Quale sia stato il bagaglio a mano più segreto dell’ultimo viaggio della regina Elisabetta II, scomparsa l’8 settembre scorso a 96 anni, non è dato sapere. Certo, però, è che non avesse particolari amicizie maschili come invece la sua trisnonna Vittoria. Un sentimento mai del tutto chiarito dagli storici e dai biografi, ma vero è che quello tra Vittoria e John Brown fu un legame molto chiacchierato a corte, oggetto di satira sulla stampa e osteggiato dai figli e dai consiglieri della sovrana. Si diceva che fossero come marito e moglie, e quando le voci le arrivarono all’orecchio lei le liquidò con stizza, mentre ai consiglieri che la pregavano di allontanare il servitore rispose che «alla regina non si comanda».

Fascino e lealtà

Non si conoscerà mai la vera natura della relazione tra i due. Certo è che lui - arrivato a Windsor dalla residenza reale di Balmoral nel 1864, tre anni dopo la morte del principe consorte Alberto di Sassonia Coburgo Gotha - aveva su Vittoria, allora quarantacinquenne, un ascendente particolare: era l’unico uomo sulla terra a potersi permettere di trattarla anche in maniera brusca e diretta, per esempio sgridandola se lavorava troppo e se mangiava in maniera smodata. La sovrana apprezzava la lealtà e la schiettezza del servitore, ascoltava divertita il suo forte accento scozzese e si compiaceva del fatto che fosse pure un bell’uomo, alto e muscoloso. Lei d’altronde non aveva mai fatto mistero di trovare grande appagamento nella bellezza maschile. Dopo la morte di Alberto, di cui era sempre stata innamorata fin dal giorno del loro primo incontro, trovò un certo conforto nelle attenzioni galanti di alcuni uomini del suo seguito, dal primo ministro Benjamin Disraeli (morto nel 1881, e che aveva chiesto di essere sepolto con una foto di Vittoria) ad Abdul Karim, servitore indiano che si rivelò ladro e approfittatore e finì per essere allontanato.

Due fedi al dito

Niente in confronto al legame che la univa a John Brown, e quando questi morì, nel marzo 1883, per Vittoria fu un colpo durissimo. Essendo lui più giovane di sette anni, aveva sempre pensato che lo avrebbe avuto accanto anche sul letto di morte. «Provo un dolore simile a quello della scomparsa del mio caro Alberto», confidò a un consigliere. Un dolore che l’ha accompagnata per altri diciotto anni, fino al giorno della morte.

Edoardo VII non seppe mai che la madre era stata sepolta con una fotografia e una ciocca di capelli di John Brown.
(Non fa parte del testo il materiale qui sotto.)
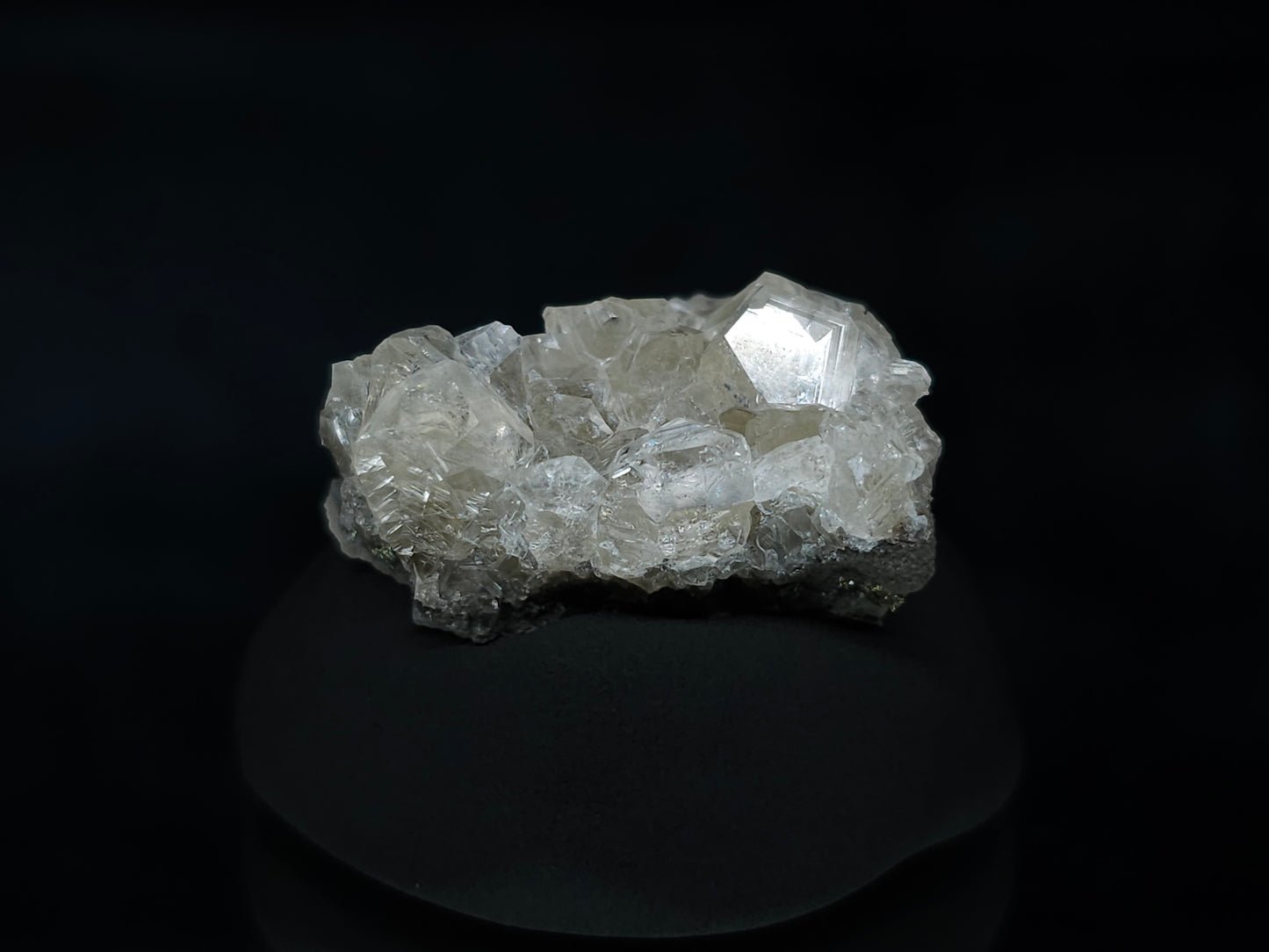 #33581 Super clear Nailhead Spar Calcite tiny cluster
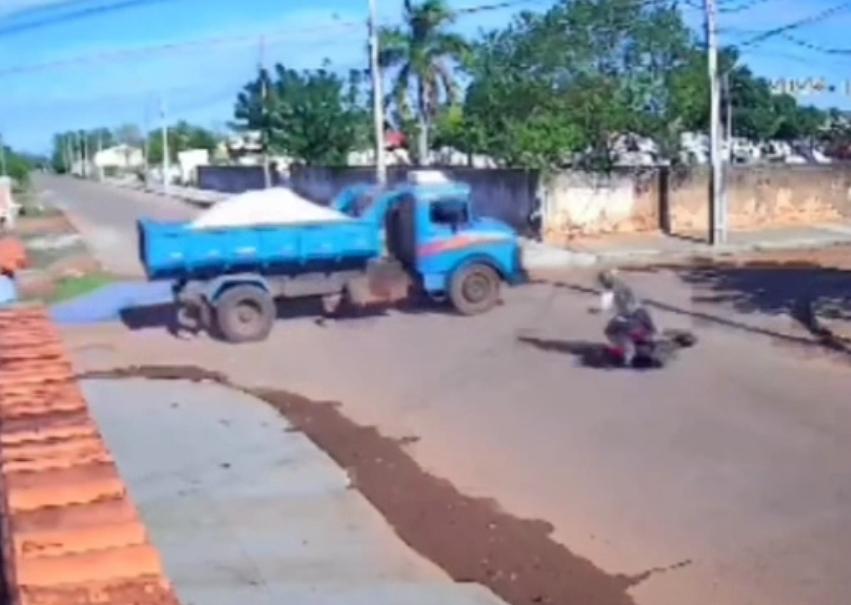 Câmera de segurança registrou o momento em que David Wilkerson Gonçalves de Menezes, de 23 anos, cai e é atingido por um caminhão; vítima morreu ainda no local.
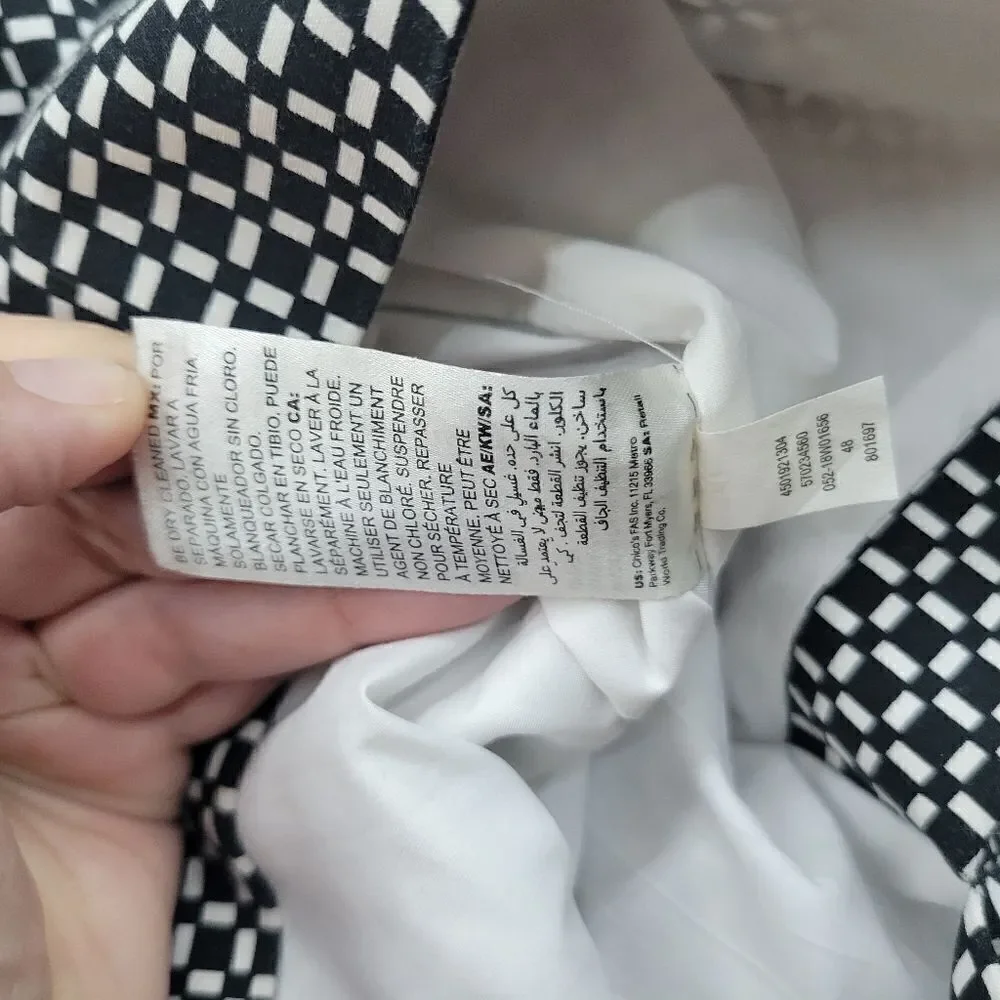 White House Black Market Geometrick Black & White Lined Pencil Skirt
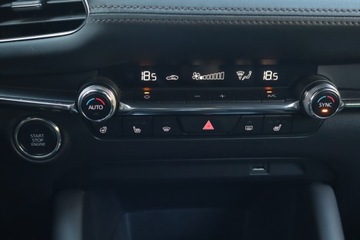 Mazda 3 IV Hatchback  2.0 SKYACTIV-G 150KM 2021 Mazda 3 2.0 Skyactiv-G, Salon Polska, zdjęcie 15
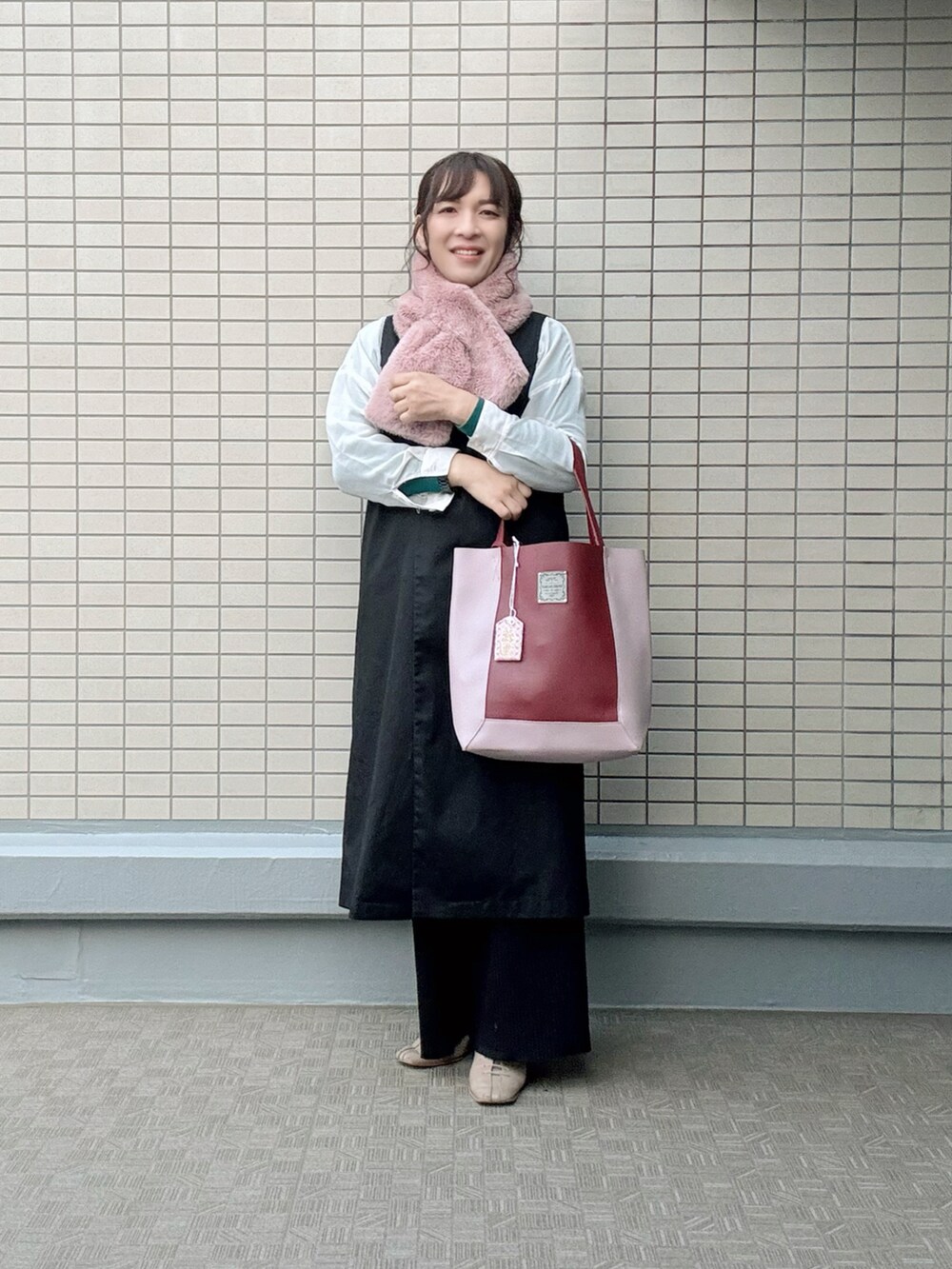 ブラック系のその他パンツ、ブラック系のトレンチコート、レッド系のトートバッグを着用したレディースの春コーディネートの2枚目の写真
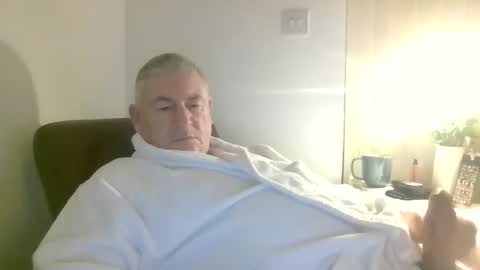 Snapshot of she52 chatting on December 6, 2024, 7:45 pm she52 online show from December 6, 2024, 7:45 pm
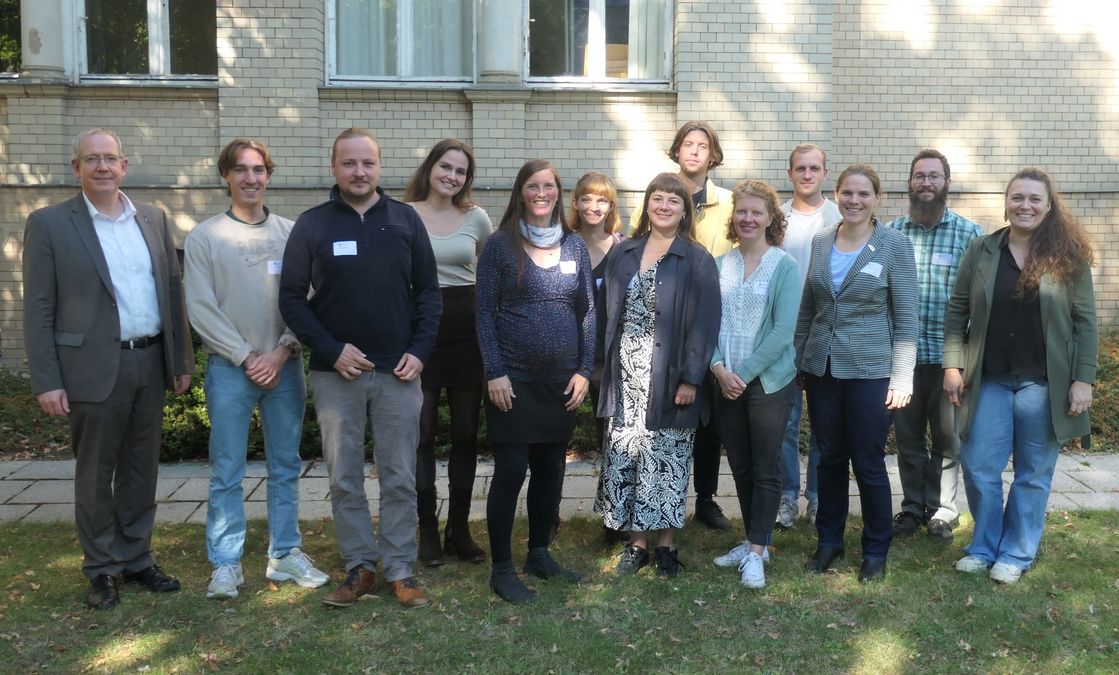zur Vergrößerungsansicht des Bildes: Gruppenfoto der Awardees vor der Graduate Academy Leipzig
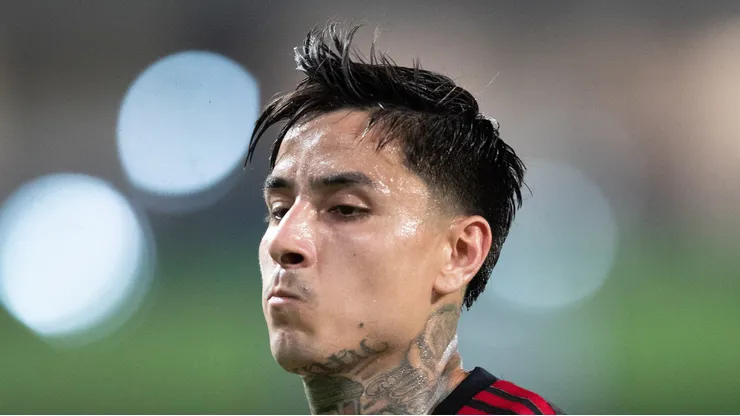 Pulgar tem contrato até 2027 com o Fla.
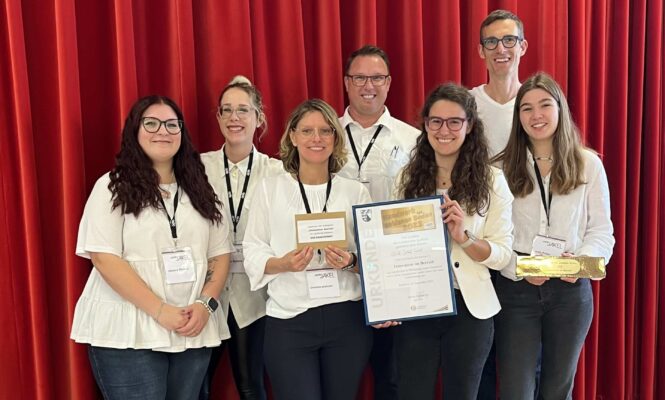 Optik Jäkel als "innovativster Betrieb 2024" im Landkreis Kelheim ausgezeichnet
Non seppe mai che, assieme all’anello nuziale che sempre le aveva visto al dito, la regina Vittoria era stata sepolta anche con la fede della madre di John Brown, la vera che lui le aveva donato in punto di morte.

Dopo il funerale, Edoardo visitò ogni stanza di tutte le residenze reali per eliminare ritratti e statue del servitore scozzese, nonché qualunque oggetto che lo ricordasse. Ciò che però più contava di quell’affetto, Vittoria lo aveva portato con sé.